List of reported tornadoes - Monday, 4 August 2008
| F# | Location | State | Coord. | Time (UTC) | Path length | Damage |
Germany
| F1 | Deckbergen area | Lower Saxony |  | 0258 | 2.5 km (1.6 mi) | A 200 to 300 metre wide tornado damaged several residences. |
| F1 | Birkenau area | Hesse | 49°34′N 8°43′E﻿ / ﻿49.56°N 8.71°E | 0650 | 330 m (360 yd) | A brief and narrow tornado damaged several homes and tore bricks off the local firehouse. |
Poland
| F0 | Augustów area | Podlaskie Voivodeship | 53°51′N 23°00′E﻿ / ﻿53.85°N 23.00°E | 1400 | 200 m (220 yd) | A brief rope tornado touched down in Augustów |
| F0 | Świdnik area | Lublin Voivodeship | 51°15′N 22°52′E﻿ / ﻿51.25°N 22.86°E | 1510 | 200 m (220 yd) | A brief rope tornado touched down in Świdnik |
| F2 | Jastkowice area | Subcarpathian Voivodeship | 50°37′N 22°06′E﻿ / ﻿50.62°N 22.10°E | 1615 | unknown |  |

===Hautmont, France===

This rare and violent tornado initially touched down outside the city of Pont-sur-Sambre, initially causing damage ranging from F0 to F1 in intensity.
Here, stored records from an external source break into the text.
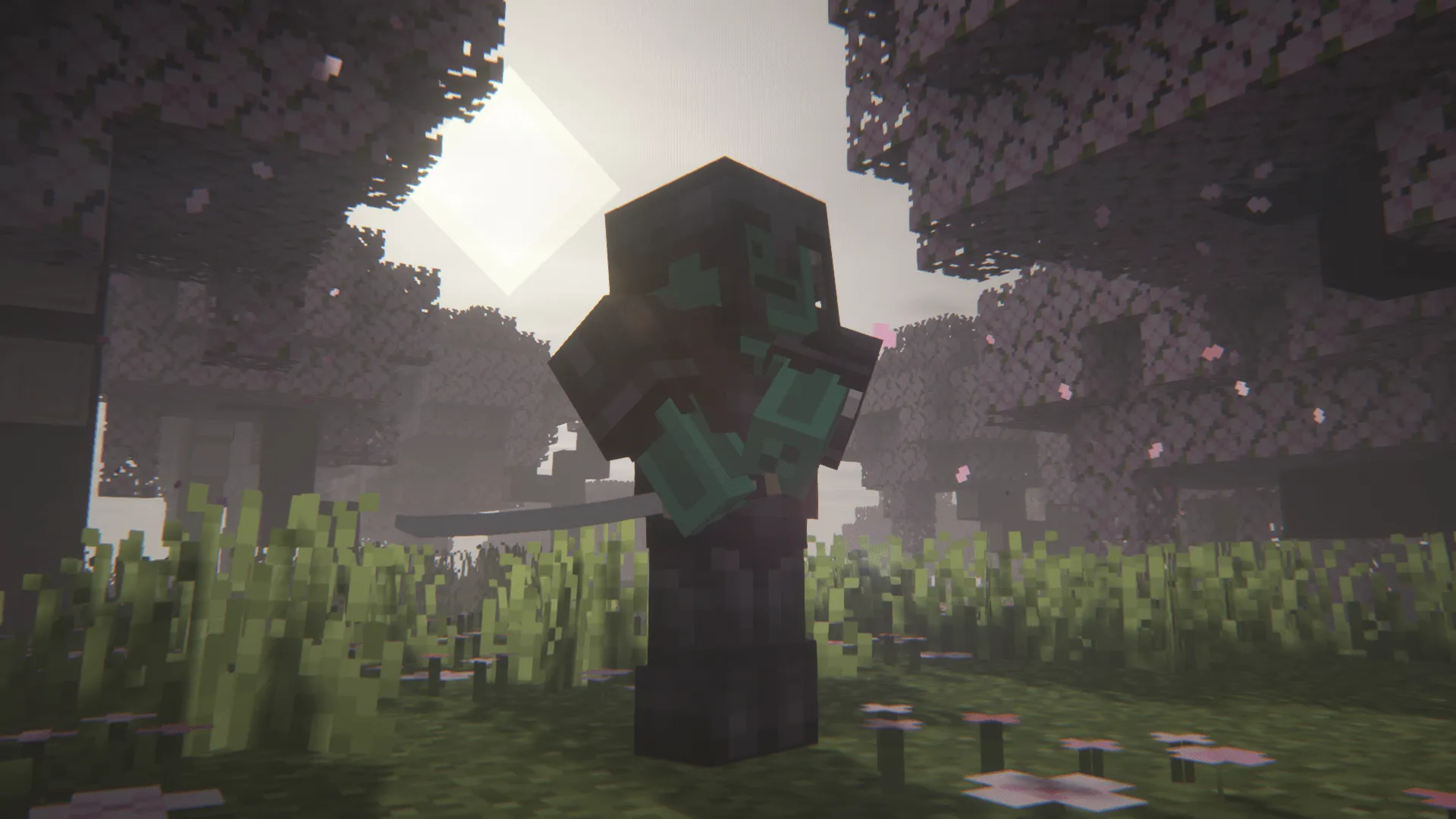 Trydeas: Meleez, Моды, Minecraft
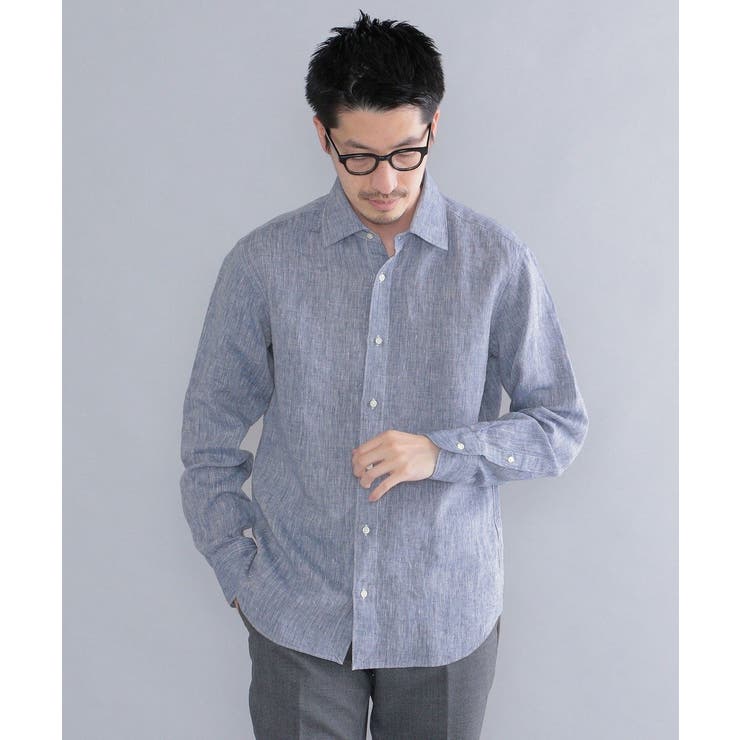 【リユース品】SHIPS | L | シャツ/ブラウス | ReLIKE | 詳細画像4 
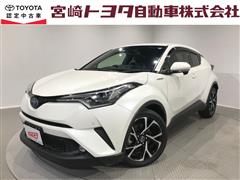 トヨタ C-HR G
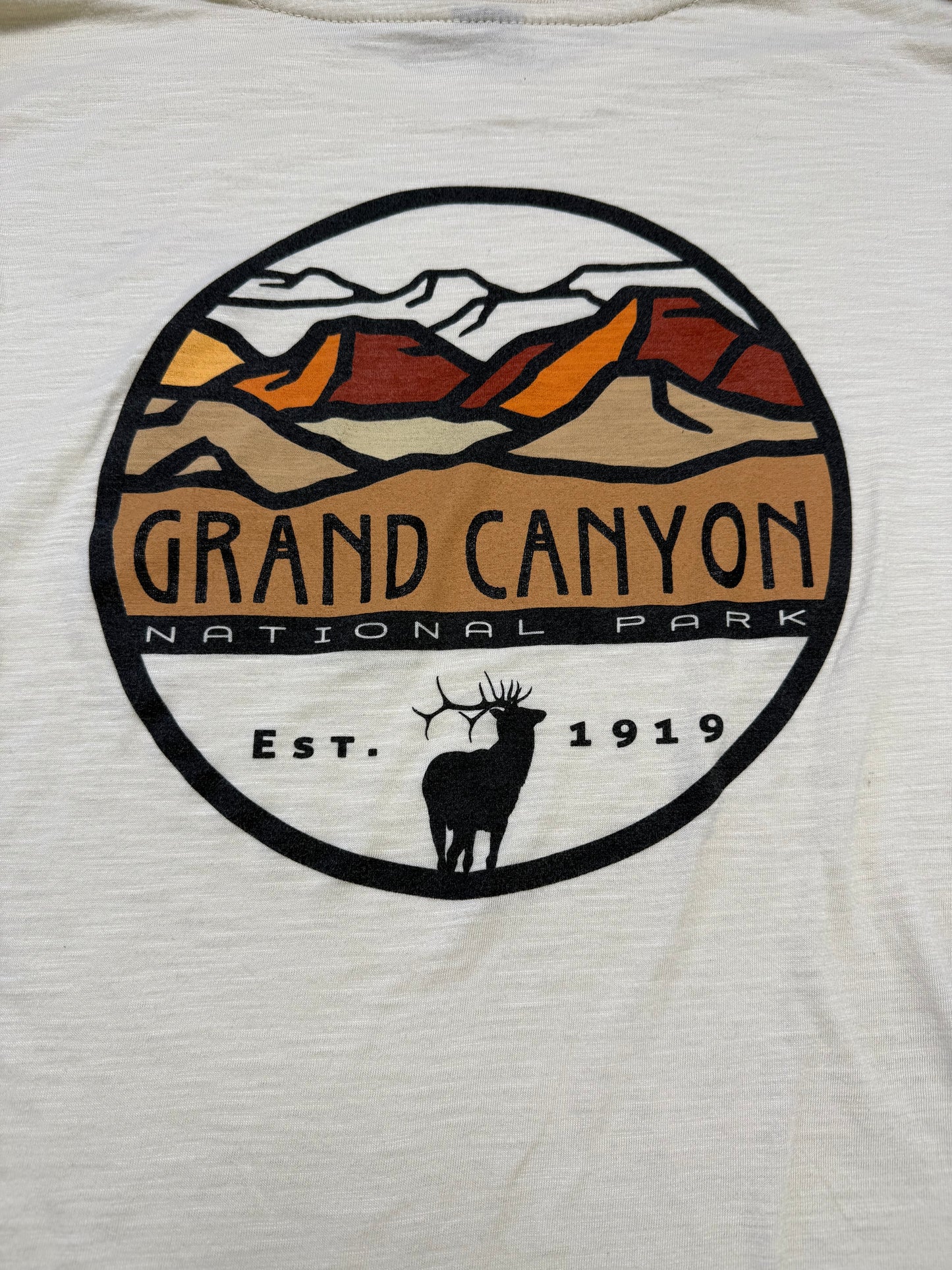 Grand Canyon Long Sleeve T-Shirt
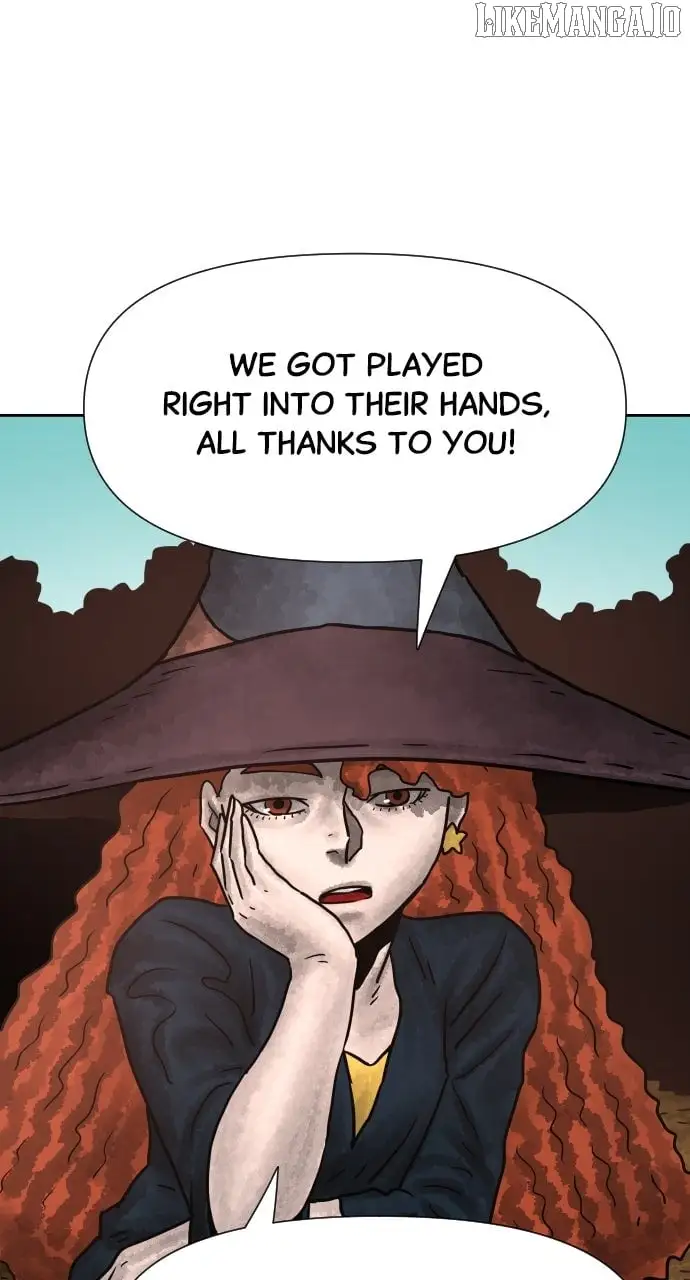 Warrior Executioner Chapter 155 page 84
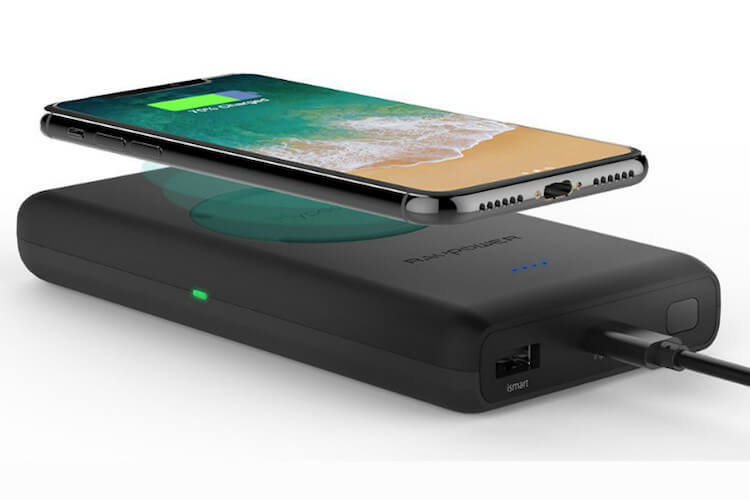 12 Best Portable Power Banks with Wireless Charging MashTips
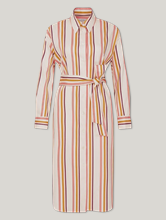 Image sur Robe-chemise à la coupe oversized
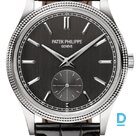 Pārdod Patek Philippe Calatrava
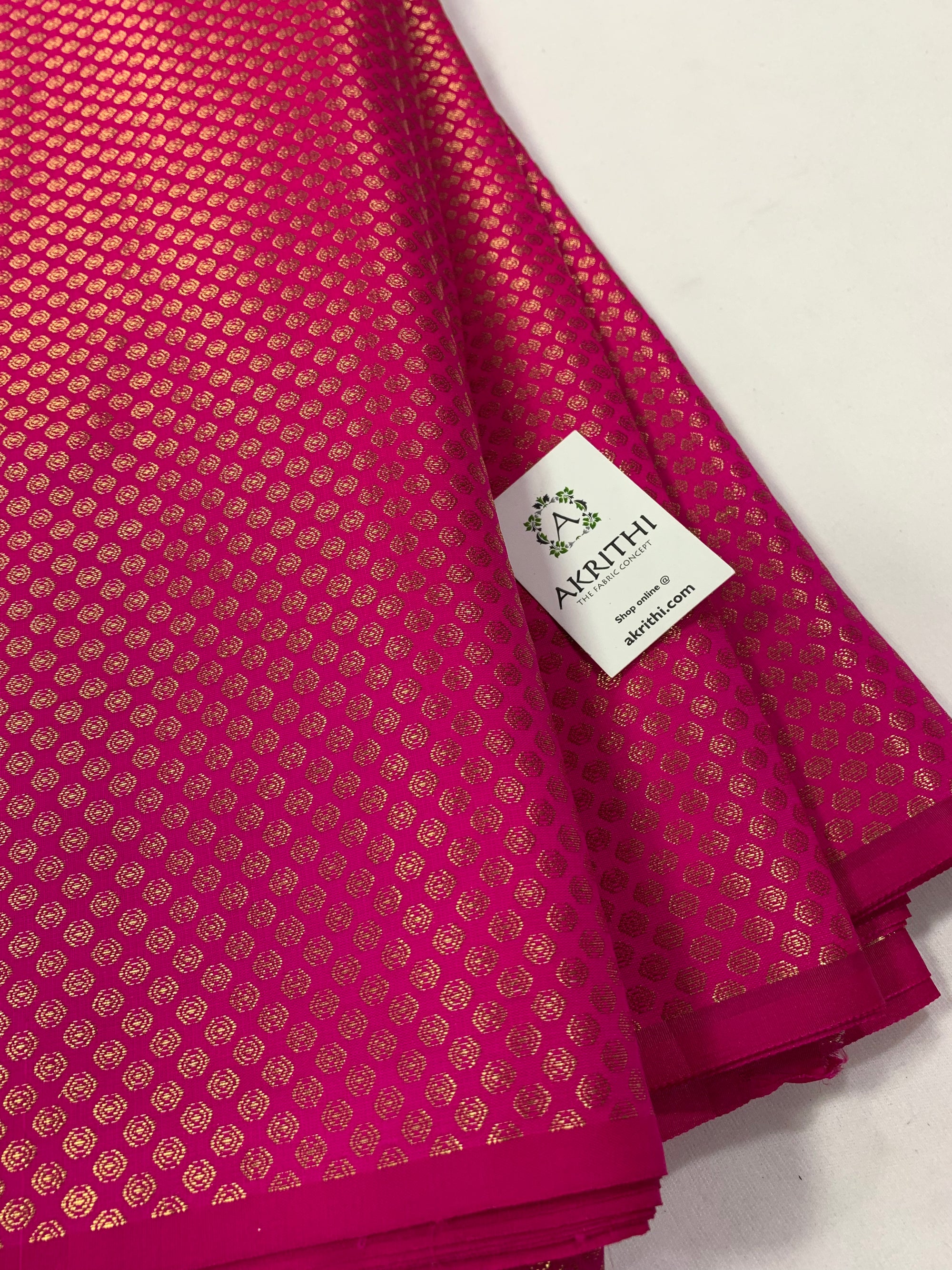 Banarasi brocade fabric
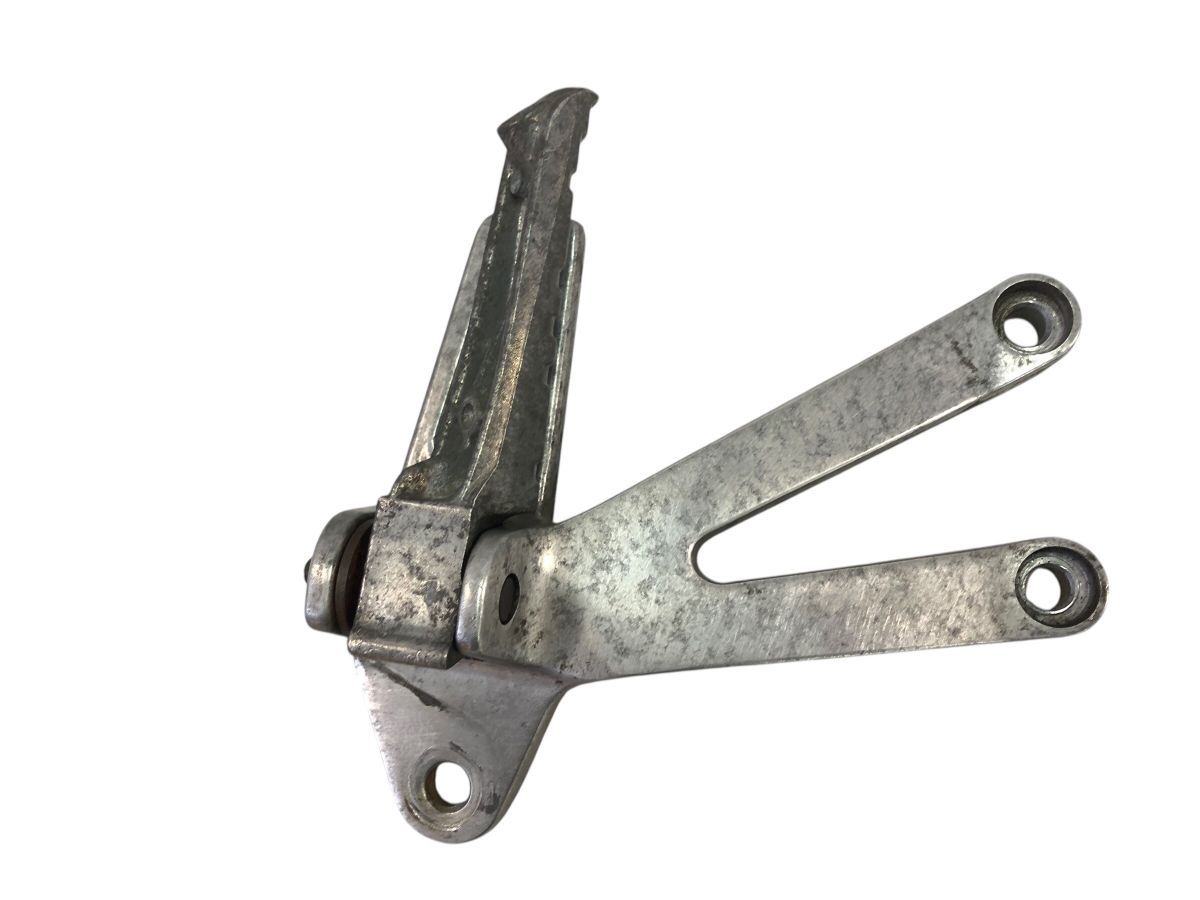 YAMAHA FZR250R 3LN 90-94 タンデムステップ 左右 固着無し 交換 補修にも 2782-M6833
The tornado then moved through a corn field at 20:28 UTC before causing damage to power lines and roofs of buildings in the northern part of town. The storm rapidly strengthened immediately after hitting Pont-sur-Sambre, reaching F2-F3 strength just about 2 km from the point of touchdown, and a few homes and structures sustained significant damage in this area. At the 20:31 UTC the tornado intensified further and caused major damage to some rural brick homes, one of which was completely leveled to the ground at F4 (T8) strength, and the other sustaining F2 (T4-T5) damage. With winds in excess of 300 km / h (F4), the tornado reached a forested area, debarking or uprooting all the trees within a radius of 150 m. Maintaining its strength, the violent tornado struck Hautmont, flattening multiple brick homes and structures, killing 3 people, and injuring 18 others. Numerous other homes and some apartment buildings had major structural damage, and a sports complex was also severely damaged. Multiple cars were picked up and thrown hundreds of meters, some of which were hurled into buildings, and large trees were denuded and debarked. Small objects from town were also found tens of kilometers away. At 20:35 the weakening but still strong tornado arrived in Maubeuge, causing damage of F2 (T4/5) and F1 (T2/T3) strength, destroying a church tower and damaging many other buildings. At 20:40 the tornado began to shrink in size and strength, causing F0 damage to some trees and structures before finally dissipating at 20:42 not far from the border of Belgium.

The tornado remained on the ground for about 14 minutes with a displacement speed of about 40–50 km/h and winds that have exceeded 300 km / h along a total path of 18.7 km, killing 3 people and damaging or destroying about 1000 buildings with a width of 150m-200m.